The Mid-European Art exhibition was not the only attempt to promote Central European culture to the British public during the war. As Anna Müller-Härlin writes in the volume Arts in Exile in Britain 1933-1945, such events included a 1941 exhibition, Refugee Artists and their British Friends, created by the Free German League of Culture, and the 1942 Artists Aid Jewry Exhibition at the Whitechapel Art Gallery, jointly organised by the same organisation, along with the Jewish Cultural Club, and the Free Austrian Movement. Other examples include the Exhibition of Works by Allied Artists, which took place in London in 1942. Beyond the visual arts, Central European developments in literature and theatre featured in English critic John Lehmann’s acclaimed wartime literary journals, New Writing and Daylight.

For Thomas, however, the story took another tragic turn. In July 1946, he was accused of a public indecency offence — homosexuality was illegal in England until 1967. Thomas, who always maintained innocence, was dismissed from his role at the Leicester museum, though he was able to stay within the arts profession (including at the Arts Council) and later abroad. Incidentally, Thomas was the last person to see the writer Sylvia Plath before her suicide in 1963, because he lived in the flat below hers.

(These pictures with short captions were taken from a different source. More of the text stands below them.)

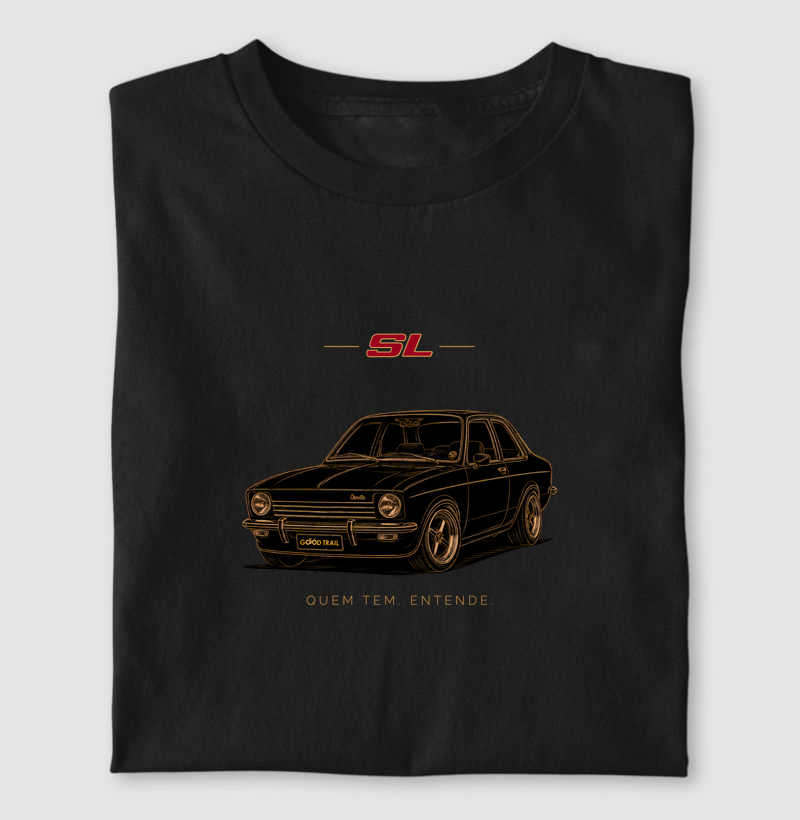 Camiseta Chevette SL Tubarão - Quem Tem. Entende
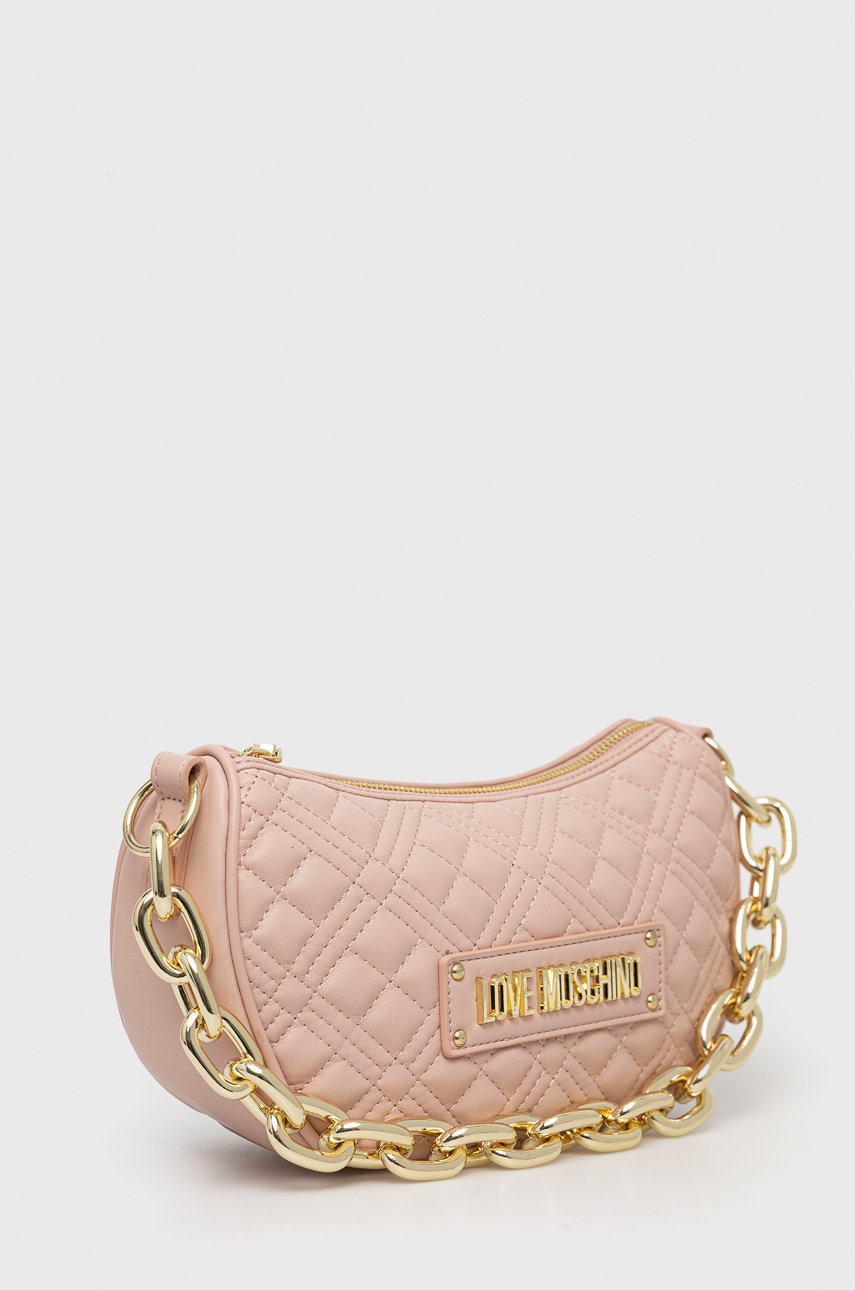 

Сумочка Love Moschino колір рожевий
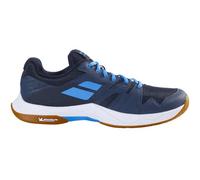 Babolat Shadow Team 2 - Zapatos de bádminton para hombre, negro/gris, ideales para bádminton, squash, tenis de mesa, voleibol, amortiguación dinámica, peso ligero, cómodo, transpirable y flexible,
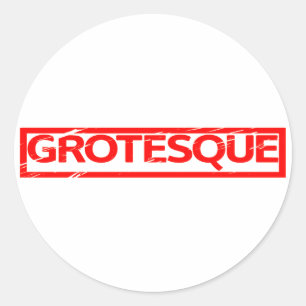 Grotesque Stamp Ronde Sticker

After the war ended, the Daily Mail ran an article by Swiss architect Pierre Jeannerat under the headline ‘Hitler couldn’t kill this art’,  describing how the Expressionist works once deemed degenerate by the Nazi Party were now enjoying a renaissance among British audiences; following an exhibition which took place at the Arts Council Gallery in St. James’s Square in London in November 1949. Jeannerat’s review read:

Londoners who want to know whither Germany will go — and surely there can be few more important questions for Western Europe — can find useful indications at this exhibition. Hitler hated the Expressionists, whose often tortured works spoke of the heartburns of individuals refusing to be regimented. He kicked them out of his doors; they have returned through broken windows.

The London exhibition demonstrated the ‘regenerating influence,’ as Jeannerat described, of Expressionism on the post-war consciousness — but this was not a new approach. Leicester’s Mid-European Art exhibition similarly served as a boost to public hope and morale, as well as forging a peaceful bridge between different communities at the time. The broken windows were being scaled a long time before.